Using wildcards in function in rules
12 days ago
Hi Hello,

I want to do a specific trimming for each sample I have in my pipeline.

I have a list of samples in my config below:

#######################
#      Config data    #
#######################

samples:
3373-1_CCGCGGTT-CTAGCGCT-AHV5HLDSXY_L004:
3373-2_TTATAACC-TCGATATC-AHV5HLDSXY_L004:
3373-3_GGACTTGG-CGTCTGCG-AHV5HLDSXY_L004:
3373-4_AAGTCCAA-TACTCATA-AHV5HLDSXY_L004:
....


And another list in my config with the samples and primers as a dictionary for trim5 and trim3.

trim5:
3373-1_CCGCGGTT-CTAGCGCT-AHV5HLDSXY_L004: GATCGGAAGAGCACACGTCTGAACTCCAGTCACCCGCGGTTATCTCGTATGCCGTCTTCTGCTTG
3373-2_TTATAACC-TCGATATC-AHV5HLDSXY_L004: GATCGGAAGAGCACACGTCTGAACTCCAGTCACTTATAACCATCTCGTATGCCGTCTTCTGCTTG
3373-3_GGACTTGG-CGTCTGCG-AHV5HLDSXY_L004: GATCGGAAGAGCACACGTCTGAACTCCAGTCACGGACTTGGATCTCGTATGCCGTCTTCTGCTTG
3373-4_AAGTCCAA-TACTCATA-AHV5HLDSXY_L004: GATCGGAAGAGCACACGTCTGAACTCCAGTCACAAGTCCAAATCTCGTATGCCGTCTTCTGCTTG
.....


So I made a function that allows to select the primer linked to this sample.
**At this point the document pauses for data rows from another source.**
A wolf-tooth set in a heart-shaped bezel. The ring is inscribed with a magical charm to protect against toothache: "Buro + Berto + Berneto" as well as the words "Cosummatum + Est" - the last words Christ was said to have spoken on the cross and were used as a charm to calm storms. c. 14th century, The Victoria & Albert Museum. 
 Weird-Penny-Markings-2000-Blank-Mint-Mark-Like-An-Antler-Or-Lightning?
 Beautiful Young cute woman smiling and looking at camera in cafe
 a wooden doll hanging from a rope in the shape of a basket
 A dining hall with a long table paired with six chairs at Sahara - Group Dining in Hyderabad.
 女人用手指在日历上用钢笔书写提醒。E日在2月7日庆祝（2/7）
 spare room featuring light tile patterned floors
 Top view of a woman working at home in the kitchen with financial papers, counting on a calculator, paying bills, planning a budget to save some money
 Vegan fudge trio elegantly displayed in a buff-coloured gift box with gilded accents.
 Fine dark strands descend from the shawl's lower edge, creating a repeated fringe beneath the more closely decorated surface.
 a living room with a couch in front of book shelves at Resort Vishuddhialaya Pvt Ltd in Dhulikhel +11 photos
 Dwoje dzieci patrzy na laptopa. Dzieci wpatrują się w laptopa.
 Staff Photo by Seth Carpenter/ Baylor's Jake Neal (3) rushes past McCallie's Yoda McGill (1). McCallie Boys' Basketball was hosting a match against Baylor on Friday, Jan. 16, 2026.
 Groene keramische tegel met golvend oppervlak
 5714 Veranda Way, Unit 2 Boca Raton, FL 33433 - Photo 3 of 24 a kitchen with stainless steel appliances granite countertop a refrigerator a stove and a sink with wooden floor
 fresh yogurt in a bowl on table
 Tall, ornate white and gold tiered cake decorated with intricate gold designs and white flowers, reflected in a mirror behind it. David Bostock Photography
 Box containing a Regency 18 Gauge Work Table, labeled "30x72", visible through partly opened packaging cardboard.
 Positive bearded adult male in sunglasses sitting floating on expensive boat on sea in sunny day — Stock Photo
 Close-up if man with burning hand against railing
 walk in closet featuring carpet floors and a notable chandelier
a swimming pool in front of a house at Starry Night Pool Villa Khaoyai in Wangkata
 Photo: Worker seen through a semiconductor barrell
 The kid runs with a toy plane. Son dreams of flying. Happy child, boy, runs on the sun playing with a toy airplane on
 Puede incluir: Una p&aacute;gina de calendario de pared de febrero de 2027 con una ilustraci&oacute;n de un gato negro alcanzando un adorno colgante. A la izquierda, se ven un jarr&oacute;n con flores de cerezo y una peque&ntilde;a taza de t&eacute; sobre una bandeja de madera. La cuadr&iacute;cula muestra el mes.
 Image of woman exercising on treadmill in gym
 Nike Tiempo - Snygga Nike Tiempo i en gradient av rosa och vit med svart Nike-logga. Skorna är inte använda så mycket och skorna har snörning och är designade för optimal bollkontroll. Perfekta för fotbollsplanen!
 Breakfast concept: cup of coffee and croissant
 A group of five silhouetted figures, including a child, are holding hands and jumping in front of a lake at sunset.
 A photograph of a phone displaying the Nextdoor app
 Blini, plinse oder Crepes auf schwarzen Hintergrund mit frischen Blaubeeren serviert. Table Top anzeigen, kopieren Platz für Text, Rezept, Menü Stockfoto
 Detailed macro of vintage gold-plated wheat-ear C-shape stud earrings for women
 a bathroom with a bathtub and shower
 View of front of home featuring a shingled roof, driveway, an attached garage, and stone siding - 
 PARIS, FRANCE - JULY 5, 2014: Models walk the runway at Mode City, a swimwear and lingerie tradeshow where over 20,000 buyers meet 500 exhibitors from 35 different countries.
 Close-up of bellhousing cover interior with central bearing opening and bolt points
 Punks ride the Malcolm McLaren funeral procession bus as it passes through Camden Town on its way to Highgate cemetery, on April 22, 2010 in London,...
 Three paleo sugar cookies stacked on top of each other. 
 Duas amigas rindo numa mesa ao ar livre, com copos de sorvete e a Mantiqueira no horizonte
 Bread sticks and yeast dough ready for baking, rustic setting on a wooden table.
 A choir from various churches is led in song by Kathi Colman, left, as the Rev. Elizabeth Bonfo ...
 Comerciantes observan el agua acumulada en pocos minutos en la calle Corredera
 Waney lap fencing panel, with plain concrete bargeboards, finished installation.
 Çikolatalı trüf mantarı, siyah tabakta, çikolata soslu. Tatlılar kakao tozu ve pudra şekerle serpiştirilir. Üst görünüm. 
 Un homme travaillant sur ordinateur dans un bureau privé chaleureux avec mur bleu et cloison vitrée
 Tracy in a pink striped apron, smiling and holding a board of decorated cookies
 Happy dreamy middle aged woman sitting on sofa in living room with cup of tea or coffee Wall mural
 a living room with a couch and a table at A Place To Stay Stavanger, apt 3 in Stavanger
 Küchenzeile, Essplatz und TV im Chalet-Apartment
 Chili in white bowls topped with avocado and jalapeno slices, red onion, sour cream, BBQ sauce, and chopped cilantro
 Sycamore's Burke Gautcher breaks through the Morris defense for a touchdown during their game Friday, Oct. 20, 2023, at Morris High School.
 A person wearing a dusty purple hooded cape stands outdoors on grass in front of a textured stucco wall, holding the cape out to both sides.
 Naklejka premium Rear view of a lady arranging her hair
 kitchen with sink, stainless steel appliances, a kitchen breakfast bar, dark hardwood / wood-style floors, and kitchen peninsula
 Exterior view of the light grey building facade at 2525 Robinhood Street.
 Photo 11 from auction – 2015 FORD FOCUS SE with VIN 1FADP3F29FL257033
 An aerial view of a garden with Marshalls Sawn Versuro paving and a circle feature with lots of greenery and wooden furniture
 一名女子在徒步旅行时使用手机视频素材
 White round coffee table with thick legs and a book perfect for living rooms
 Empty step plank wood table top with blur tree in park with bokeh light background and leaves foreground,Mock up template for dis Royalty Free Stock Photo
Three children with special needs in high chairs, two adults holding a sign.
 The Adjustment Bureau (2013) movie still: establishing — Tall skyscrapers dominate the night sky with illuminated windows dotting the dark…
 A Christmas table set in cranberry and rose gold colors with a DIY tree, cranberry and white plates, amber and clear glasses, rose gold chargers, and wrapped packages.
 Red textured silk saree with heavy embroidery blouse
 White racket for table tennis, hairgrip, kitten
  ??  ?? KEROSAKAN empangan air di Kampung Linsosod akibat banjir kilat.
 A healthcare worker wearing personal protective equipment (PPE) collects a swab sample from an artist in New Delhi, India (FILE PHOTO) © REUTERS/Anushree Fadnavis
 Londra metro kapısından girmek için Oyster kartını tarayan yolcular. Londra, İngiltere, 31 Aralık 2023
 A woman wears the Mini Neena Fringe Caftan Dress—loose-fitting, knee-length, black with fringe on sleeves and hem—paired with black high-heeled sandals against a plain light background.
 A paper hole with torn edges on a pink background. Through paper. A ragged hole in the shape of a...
# get_index_trim5/3 allow to verify that we use the correct adaptater depending of the correct sequence
def get_index_trim5():
for trim5 in config['trim5']:
if {wildcards.sample} == trim5:
print (config['trim5'])
print (config['trim5'][trim5])
return ( config['trim5'][trim5] )
else:
continue

# get_index_trim5/3 allow to verify that we use the correct adaptater depending of the correct sequence
def get_index_trim3():
for trim3 in config['trim3']:
if {wildcards.sample} == trim3:
print (config['trim3'])
print (config['trim3'][trim3])
return ( config['trim3'][trim3] )
else:
continue

priority: 0
input:
output:
fastq1= "../results/trimmed/{sample}_R1_trimmed.fastq.gz",
fastq2= "../results/trimmed/{sample}_R2_trimmed.fastq.gz",
qc= "../results/trimmed/{sample}_qc.txt"
params:
extra="--minimum-length 100 -q 20"
log:
"../results/logs/trimmed/{sample}_trimmed.log"
benchmark :
"../results/benchmarks/trimmed/{sample}_trimmed_benchmark.txt"
message:
"""
--- Trimming on {wildcards.sample} {params.adapters} in process ---
"""
resources:
mem_mb=25000
shell:


The problem is I need to check in my function that the wildcards correspond to the primer but I can't pass the wildcards.sample as an argument to my function. I have some difficulties to use wildcards

Can you help me?

Thanks in advance and have a nice day, aka

snakemake rules wildcards
12 days ago
Hi Aka,

This is a partial snakemake file. Can you also add how you are looking for your samples?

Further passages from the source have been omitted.